Киёмори быстро вышел от отца и прошел на конюшню. Три из семи стоявших там жеребцов составляли самое ценное их достояние. Он тщательно осмотрел остальных. О, эти бессловесные создания, среди них не было ни одного, которого Киёмори не любил! Разве не участвовали все они с ним и с отцом в той опасной кампании на западе в позапрошлом году и не смотрели вместе с ними в лицо смерти? И разве можно сосчитать, сколько раз он их ласкал?
Киёмори
Ужин начался поздно, но была долгая осенняя ночь, подходящая для подобных праздников, редко случавшихся в домах воинов. Созвав всех своих слуг в просторную комнату главного здания, Тадамори распечатал кувшины с сакэ, приказал принести бочонки с рыбой и другими соленьями, обычно хранившиеся до экстренного случая, и призвал всех слуг выпить сакэ.

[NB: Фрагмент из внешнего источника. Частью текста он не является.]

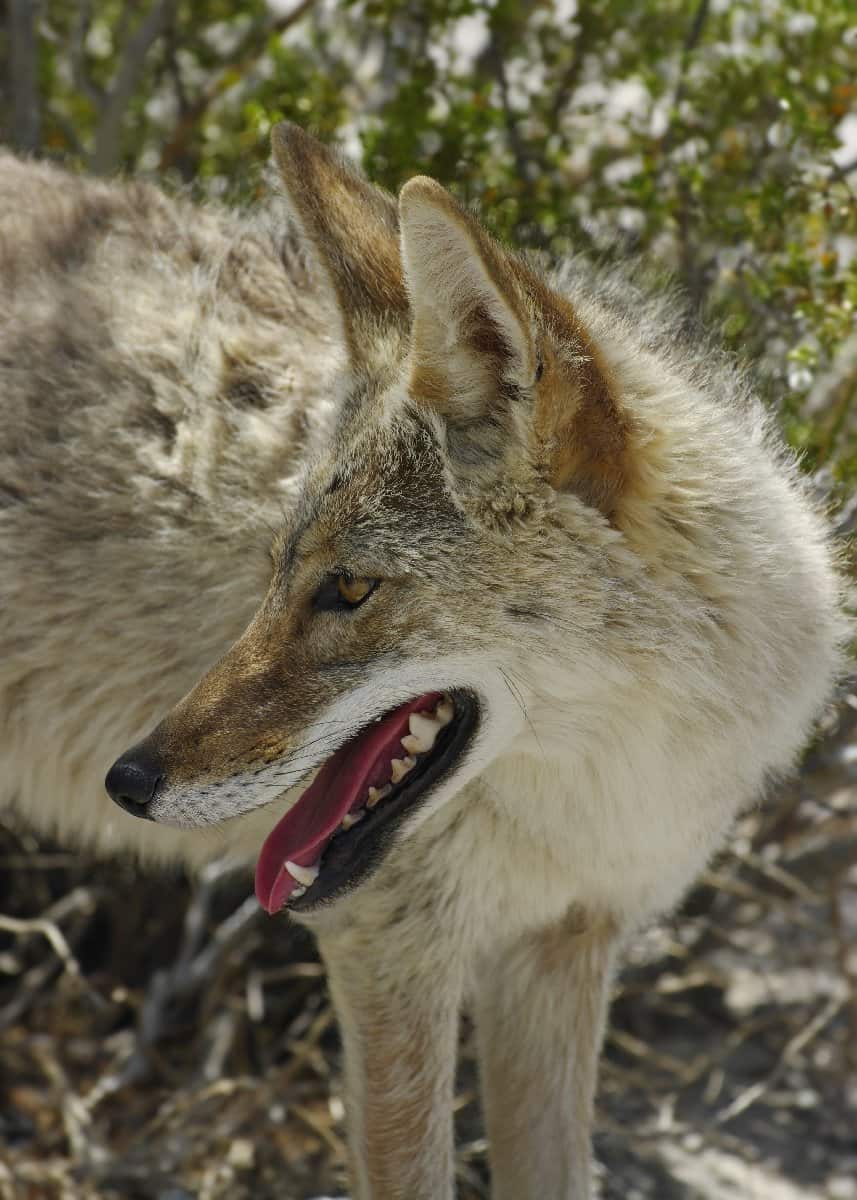 can coyotes breed with dogs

– Я знаю, все вы устали после семи дней, проведенных в дозоре. По справедливости сегодня вы должны были пить сакэ во дворце, но мой провал не позволяет мне появиться внутри его ворот. Я ушел в отставку со своей должности. Позвольте мне попытаться загладить свою вину перед вами вот таким образом. Конечно, наступит время, когда ваша верность будет вознаграждена. Это сакэ – лучшее сакэ, которое я могу вам предложить, – символизирует мою благодарность к вам, мои вассалы. Давайте же пейте, сколько сможете. Давайте будем пить всю ночь и петь для укрепления нашего воинского духа!

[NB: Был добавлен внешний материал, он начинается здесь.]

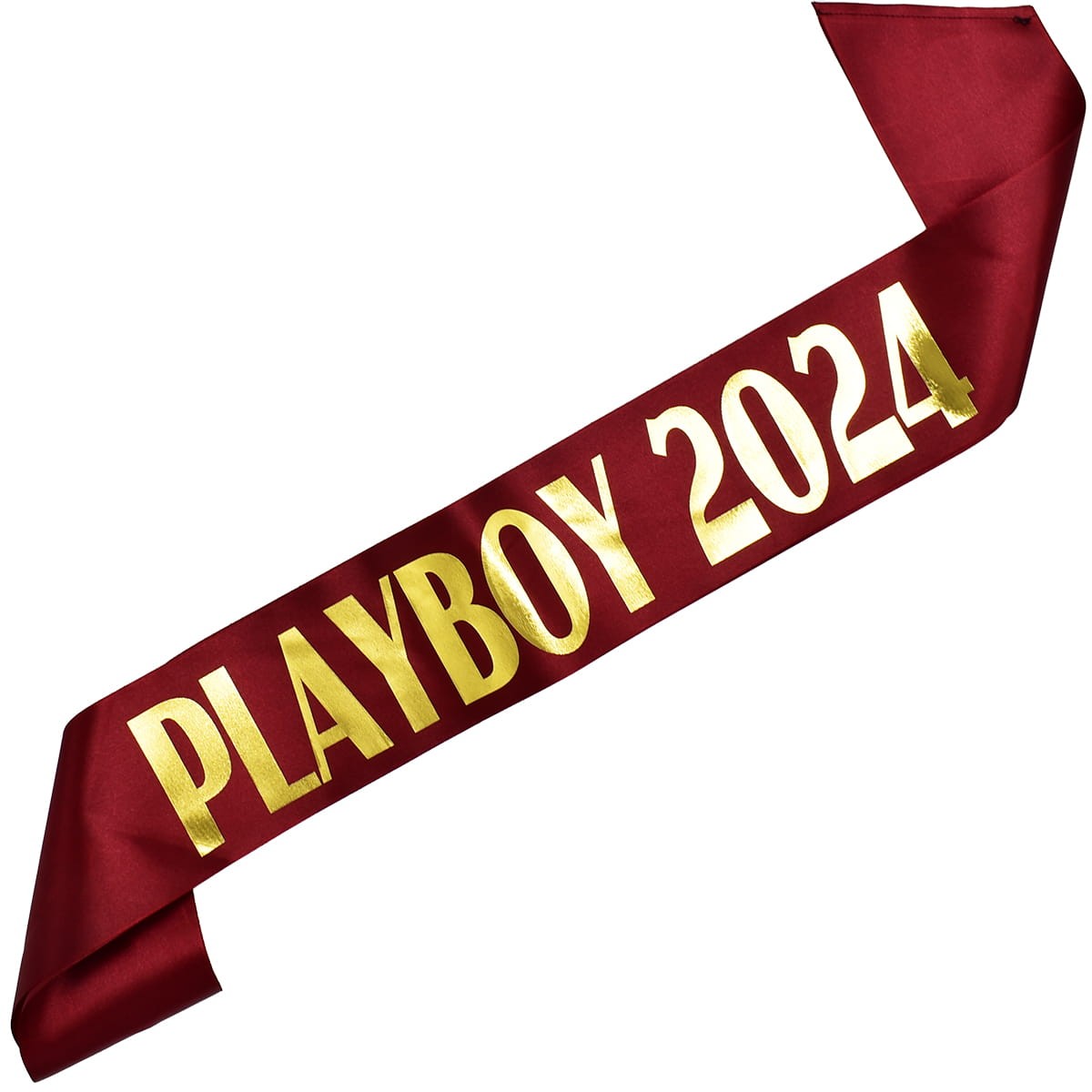 playboy 2024.jpg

В колеблющемся от ночного ветра пламени светильников сидели слуги, поникнув головами, и безмолвствовали. Они знали, что сакэ обильно текло на ночных празднествах знати, под аккомпанемент музыки, но слуге редко представлялся случай его отведать. От легкого опьянения их сердца переполнялись чувством благодарности к хозяину за его отношение к ним.
И Тадамори сказал:
– Как этот сад подходит нашей бедности – диким изобилием осенних цветов! Итак, выпьем все! Наполняйте ваши чаши, наполняйте сакэ!
Мужчины подняли свои чашечки с сакэ. Во дворце Тадамори заслужил репутацию крепкого пьяницы, и Киёмори, подняв свою чашечку, приступил:
– Отец, сегодня я выпью не меньше половины вашего!
– Что ж, прекрасно, только держись подальше от домов на Шестой улице!
Ответ Тадамори вызвал дружный взрыв хохота, и он сам присоединился к остальным с необычной сердечностью. Киёмори покраснел от огорчения. Как эти басни достигли уха отца? Кто их распускает? Протестовать не имело смысла, и, чтобы отвлечь от себя внимание, он окликнул одного из слуг:
– Хэйроку, Хэйроку, спой нам песню – одну из баллад, популярных сейчас в столице!
– А вы, молодой господин, напойте что-нибудь из мелодий, звучащих в окрестностях Шестой улицы!
– Да кончайте уже с этими шутками!
Голос из противоположного угла комнаты начал популярную балладу, один за другим ее подхватывали новые певцы, в такт захлопали ладоши, кто-то отбивал ритм на кувшине с сакэ. Некоторые поднялись танцевать, некоторые затягивали новые песни. Они пели так же неистово, как и пили, разгорячились и начали ругаться.